En La Sagrada Familia del pajarito, San José sostiene entre sus piernas al Niño Jesús que está jugando con un perrito, mientras con su mano derecha alzada sostiene un pajarito. La Virgen, sentada a la izquierda, mientras hila, observa la escena.
Niño Jesús con San Juan es una de las grandes obras de Murillo. En ella nos encontramos con dos niñitos que están jugando bajo la luz del sol. El Niño Jesús, con un comportamiento solidario, da de beber agua a San Juan. El corderito que encontramos en la escena no solo le pone encanto a esta, sino que también nos anticipa que Jesús es el cordero de Dios. El paisaje presenta un color brumoso y barroso, transmite una sensación de paz y felicidad. Es una escena lírica y encantadora.
Concluyamos diciendo que Murillo representó a la infancia desvalida para exaltar la virtud de la caridad, virtud teologal que nos dice que el hombre alcanza la salvación no solo por su fe, sino también por sus obras. Y qué obra caritativa mayor que la de amparar a los “niños de la calle”.
Fuentes consultadas
Beckett, Wendy. Historia del Arte. El Gran Tour de la Hermana Wendy, Barcelona, Ediciones Folio S.A., 2007.
Cabezas García, Álvaro. “Orgullo de Sevilla”, en Descubrir el arte, Año XIX, Nº 227, 2018.
Cantera Montenegro, Jesús. “Caridad y Devoción”, en Descubrir el arte, Año XIX, Nº 227, 2018.

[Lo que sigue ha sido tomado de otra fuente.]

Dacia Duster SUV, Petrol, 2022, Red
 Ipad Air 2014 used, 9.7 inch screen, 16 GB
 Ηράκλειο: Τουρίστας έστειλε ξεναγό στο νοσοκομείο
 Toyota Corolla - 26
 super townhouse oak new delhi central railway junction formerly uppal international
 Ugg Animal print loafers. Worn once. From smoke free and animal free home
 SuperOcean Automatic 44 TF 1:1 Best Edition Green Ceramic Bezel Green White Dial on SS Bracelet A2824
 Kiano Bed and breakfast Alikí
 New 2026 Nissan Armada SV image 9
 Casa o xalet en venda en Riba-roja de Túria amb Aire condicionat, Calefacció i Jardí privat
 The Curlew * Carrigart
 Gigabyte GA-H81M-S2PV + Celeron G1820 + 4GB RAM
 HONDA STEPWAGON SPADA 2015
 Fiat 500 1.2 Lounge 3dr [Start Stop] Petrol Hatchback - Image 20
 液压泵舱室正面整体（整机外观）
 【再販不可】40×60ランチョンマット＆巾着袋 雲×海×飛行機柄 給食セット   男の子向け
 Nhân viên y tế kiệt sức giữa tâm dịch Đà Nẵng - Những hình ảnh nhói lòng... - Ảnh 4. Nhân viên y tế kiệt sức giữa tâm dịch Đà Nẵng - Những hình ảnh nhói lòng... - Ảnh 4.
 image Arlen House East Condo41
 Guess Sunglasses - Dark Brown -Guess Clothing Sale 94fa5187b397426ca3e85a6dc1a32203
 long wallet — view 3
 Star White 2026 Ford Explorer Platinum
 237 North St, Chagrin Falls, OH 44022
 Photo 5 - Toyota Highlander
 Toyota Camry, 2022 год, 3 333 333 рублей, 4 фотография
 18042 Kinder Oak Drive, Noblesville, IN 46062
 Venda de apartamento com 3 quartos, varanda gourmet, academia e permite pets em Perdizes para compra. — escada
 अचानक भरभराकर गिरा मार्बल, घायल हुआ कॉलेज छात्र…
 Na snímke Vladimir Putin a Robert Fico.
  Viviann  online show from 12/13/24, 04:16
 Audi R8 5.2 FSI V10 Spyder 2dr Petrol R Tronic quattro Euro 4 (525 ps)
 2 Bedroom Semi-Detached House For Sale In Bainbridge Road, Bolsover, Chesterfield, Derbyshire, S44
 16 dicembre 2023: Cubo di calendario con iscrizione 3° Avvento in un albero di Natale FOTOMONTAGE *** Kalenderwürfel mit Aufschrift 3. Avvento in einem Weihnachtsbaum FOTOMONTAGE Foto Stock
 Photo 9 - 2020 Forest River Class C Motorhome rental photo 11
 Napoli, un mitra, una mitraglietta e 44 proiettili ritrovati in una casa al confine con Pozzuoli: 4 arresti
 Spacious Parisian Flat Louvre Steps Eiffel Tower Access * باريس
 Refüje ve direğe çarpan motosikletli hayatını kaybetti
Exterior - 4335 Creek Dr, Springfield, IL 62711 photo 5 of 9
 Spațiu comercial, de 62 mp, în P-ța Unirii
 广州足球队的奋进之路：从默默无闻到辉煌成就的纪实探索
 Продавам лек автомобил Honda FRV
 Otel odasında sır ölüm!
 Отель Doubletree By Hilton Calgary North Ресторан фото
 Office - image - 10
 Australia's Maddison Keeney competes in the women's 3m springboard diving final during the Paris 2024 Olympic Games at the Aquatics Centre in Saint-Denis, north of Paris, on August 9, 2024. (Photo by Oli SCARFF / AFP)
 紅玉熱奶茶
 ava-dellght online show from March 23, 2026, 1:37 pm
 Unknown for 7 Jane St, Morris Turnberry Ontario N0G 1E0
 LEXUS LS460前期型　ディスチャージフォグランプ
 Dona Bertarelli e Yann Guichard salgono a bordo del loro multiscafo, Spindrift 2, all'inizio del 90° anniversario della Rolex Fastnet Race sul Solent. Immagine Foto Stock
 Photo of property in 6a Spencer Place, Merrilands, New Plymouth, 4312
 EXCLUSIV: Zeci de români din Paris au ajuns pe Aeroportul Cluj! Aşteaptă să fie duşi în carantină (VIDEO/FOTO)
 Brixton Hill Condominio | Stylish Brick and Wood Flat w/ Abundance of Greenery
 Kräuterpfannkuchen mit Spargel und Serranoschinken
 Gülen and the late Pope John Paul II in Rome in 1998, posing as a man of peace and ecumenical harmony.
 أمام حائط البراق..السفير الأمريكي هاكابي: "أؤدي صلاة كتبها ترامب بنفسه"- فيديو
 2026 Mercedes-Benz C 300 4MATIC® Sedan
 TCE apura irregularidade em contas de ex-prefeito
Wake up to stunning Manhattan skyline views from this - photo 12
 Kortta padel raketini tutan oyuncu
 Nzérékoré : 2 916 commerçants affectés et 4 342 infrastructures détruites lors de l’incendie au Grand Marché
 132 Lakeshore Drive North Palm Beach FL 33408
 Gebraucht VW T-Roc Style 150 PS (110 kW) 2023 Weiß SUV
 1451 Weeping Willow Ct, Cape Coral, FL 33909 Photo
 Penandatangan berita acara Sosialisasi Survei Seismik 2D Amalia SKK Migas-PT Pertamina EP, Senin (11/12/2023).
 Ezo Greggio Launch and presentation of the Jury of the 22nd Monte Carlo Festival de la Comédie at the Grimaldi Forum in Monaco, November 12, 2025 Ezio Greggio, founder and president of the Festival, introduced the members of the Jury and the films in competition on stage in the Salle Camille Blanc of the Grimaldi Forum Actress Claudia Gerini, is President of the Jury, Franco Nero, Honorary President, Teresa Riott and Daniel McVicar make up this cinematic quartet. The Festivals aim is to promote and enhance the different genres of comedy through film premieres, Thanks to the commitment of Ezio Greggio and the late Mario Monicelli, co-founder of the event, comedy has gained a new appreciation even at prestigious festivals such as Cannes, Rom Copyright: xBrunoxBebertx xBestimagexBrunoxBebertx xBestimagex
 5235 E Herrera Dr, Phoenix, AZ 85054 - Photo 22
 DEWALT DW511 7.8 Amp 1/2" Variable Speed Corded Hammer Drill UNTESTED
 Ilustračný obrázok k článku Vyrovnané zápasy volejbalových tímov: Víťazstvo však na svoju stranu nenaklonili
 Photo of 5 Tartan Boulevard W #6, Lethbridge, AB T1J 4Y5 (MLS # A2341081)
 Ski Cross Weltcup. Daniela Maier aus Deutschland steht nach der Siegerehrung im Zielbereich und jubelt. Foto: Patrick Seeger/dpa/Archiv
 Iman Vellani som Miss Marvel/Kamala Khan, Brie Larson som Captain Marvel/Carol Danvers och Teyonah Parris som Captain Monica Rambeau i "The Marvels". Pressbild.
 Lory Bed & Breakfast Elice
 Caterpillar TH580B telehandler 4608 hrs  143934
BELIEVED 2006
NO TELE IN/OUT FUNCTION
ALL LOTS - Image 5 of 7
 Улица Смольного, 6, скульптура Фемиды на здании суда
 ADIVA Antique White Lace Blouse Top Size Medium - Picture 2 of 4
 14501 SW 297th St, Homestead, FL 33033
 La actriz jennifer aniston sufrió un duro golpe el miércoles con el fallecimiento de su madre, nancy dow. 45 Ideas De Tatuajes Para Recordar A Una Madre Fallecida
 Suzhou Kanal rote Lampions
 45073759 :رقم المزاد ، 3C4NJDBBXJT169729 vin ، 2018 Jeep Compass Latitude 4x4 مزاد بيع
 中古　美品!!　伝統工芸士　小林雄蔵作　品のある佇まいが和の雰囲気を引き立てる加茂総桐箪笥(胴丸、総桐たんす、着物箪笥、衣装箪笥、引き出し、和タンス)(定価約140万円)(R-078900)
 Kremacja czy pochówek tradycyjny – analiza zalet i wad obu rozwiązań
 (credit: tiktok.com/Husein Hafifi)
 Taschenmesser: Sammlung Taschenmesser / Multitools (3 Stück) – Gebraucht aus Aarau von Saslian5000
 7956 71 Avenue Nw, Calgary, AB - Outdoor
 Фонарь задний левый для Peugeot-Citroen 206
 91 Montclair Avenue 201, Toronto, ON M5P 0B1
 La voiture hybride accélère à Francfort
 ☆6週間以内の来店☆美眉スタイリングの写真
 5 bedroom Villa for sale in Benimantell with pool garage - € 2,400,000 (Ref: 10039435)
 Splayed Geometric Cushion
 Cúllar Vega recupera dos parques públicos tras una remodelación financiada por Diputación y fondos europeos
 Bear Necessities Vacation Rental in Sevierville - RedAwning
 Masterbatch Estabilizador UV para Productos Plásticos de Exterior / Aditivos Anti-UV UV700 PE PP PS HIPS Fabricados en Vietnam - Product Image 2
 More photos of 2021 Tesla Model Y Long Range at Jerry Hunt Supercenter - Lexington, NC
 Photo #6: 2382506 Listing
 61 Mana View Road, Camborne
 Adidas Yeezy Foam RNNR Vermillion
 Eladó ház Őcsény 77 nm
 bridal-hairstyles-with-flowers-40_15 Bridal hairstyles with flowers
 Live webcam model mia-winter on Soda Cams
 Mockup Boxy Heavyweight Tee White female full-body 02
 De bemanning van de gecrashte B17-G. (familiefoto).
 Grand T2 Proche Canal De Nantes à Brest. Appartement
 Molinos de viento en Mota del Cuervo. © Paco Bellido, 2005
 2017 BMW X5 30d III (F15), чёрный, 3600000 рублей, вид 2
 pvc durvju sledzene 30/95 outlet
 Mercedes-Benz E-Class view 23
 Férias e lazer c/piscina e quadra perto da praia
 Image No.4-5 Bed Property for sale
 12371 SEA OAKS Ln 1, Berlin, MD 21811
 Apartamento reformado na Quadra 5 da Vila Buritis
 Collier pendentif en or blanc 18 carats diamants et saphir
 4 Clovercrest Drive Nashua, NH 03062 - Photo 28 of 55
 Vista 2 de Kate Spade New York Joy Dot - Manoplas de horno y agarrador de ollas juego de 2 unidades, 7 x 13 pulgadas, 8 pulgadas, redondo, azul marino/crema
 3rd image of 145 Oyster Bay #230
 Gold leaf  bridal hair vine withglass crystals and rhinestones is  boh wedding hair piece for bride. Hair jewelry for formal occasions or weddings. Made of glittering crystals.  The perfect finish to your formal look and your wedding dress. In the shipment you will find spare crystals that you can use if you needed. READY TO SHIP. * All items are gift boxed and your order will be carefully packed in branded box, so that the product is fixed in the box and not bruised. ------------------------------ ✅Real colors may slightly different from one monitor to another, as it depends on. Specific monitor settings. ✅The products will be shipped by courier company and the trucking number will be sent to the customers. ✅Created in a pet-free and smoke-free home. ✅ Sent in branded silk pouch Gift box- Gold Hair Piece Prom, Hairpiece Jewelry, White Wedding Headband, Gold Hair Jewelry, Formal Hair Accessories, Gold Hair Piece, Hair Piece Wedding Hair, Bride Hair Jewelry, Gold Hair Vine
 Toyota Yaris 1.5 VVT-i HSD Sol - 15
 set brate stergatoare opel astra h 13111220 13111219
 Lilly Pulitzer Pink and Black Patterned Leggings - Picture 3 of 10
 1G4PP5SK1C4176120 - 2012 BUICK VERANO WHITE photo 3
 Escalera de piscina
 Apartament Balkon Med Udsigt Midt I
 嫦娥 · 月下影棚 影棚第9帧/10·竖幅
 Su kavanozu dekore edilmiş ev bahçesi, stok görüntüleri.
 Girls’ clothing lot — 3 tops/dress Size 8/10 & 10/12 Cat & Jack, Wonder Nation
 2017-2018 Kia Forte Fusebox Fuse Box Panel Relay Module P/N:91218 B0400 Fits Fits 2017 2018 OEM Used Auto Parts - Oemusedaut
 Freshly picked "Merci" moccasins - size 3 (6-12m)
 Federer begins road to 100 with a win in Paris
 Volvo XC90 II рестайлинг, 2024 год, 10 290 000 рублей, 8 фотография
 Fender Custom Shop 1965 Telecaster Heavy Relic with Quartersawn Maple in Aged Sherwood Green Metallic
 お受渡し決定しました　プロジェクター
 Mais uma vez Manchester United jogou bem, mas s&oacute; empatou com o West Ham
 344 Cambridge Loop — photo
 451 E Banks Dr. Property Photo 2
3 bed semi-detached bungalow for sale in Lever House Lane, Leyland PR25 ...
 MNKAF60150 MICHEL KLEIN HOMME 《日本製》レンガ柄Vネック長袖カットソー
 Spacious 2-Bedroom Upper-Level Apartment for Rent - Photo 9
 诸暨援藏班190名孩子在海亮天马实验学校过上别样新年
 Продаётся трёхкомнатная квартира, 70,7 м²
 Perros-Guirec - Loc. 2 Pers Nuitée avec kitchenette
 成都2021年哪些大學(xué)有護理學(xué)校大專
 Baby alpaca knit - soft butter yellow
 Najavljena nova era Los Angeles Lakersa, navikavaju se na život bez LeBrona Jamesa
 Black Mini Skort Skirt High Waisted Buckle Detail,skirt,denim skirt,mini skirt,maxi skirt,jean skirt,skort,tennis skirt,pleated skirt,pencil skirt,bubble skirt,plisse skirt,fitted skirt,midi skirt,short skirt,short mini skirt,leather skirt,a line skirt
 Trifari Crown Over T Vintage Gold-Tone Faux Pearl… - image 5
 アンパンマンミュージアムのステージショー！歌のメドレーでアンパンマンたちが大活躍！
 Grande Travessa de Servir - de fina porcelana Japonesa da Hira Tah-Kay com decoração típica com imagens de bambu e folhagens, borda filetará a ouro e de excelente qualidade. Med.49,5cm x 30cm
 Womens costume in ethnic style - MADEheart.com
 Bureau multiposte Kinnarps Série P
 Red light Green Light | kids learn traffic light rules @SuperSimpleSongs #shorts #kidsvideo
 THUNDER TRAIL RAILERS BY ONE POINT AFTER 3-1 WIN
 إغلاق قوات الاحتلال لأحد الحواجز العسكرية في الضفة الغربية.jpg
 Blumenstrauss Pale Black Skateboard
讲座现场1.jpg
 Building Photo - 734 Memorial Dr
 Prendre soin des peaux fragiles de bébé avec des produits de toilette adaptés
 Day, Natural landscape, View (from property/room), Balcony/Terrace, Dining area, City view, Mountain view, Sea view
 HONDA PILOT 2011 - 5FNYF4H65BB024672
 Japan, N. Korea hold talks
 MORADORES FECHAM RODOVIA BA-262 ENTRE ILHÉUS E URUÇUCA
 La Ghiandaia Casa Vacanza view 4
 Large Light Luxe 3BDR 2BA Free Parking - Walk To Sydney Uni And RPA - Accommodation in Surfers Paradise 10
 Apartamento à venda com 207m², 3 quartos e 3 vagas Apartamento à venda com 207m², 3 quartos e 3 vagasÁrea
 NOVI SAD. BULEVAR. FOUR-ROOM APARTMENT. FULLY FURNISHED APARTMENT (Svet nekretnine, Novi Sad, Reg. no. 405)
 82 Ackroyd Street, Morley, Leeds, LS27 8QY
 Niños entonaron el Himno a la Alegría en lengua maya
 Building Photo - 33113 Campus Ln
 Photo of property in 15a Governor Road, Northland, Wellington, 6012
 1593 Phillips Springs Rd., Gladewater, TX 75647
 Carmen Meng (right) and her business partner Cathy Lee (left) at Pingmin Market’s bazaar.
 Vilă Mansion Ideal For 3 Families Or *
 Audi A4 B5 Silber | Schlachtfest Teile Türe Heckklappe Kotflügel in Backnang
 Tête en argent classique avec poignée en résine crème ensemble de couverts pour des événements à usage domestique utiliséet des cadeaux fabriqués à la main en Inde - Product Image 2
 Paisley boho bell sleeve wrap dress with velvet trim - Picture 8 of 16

González Tornel, Pablo. “La Inmaculada Concepción”, en Descubrir el arte, Año XIX, Nº 225, 2017.
Navarrete Prieto, Benito. “Murillo entre el almanaque y el museo”, en Descubrir el arte, Año XI, Nº 129, 2009.
Navarro, Francese. Historia del arte. Arte barroco I, Barcelona, Salvat, s/d.
Quiles, Fernando. “El pueblo menudo y pobre”, en Descubrir el arte, Año XIX, Nº 227, 2018.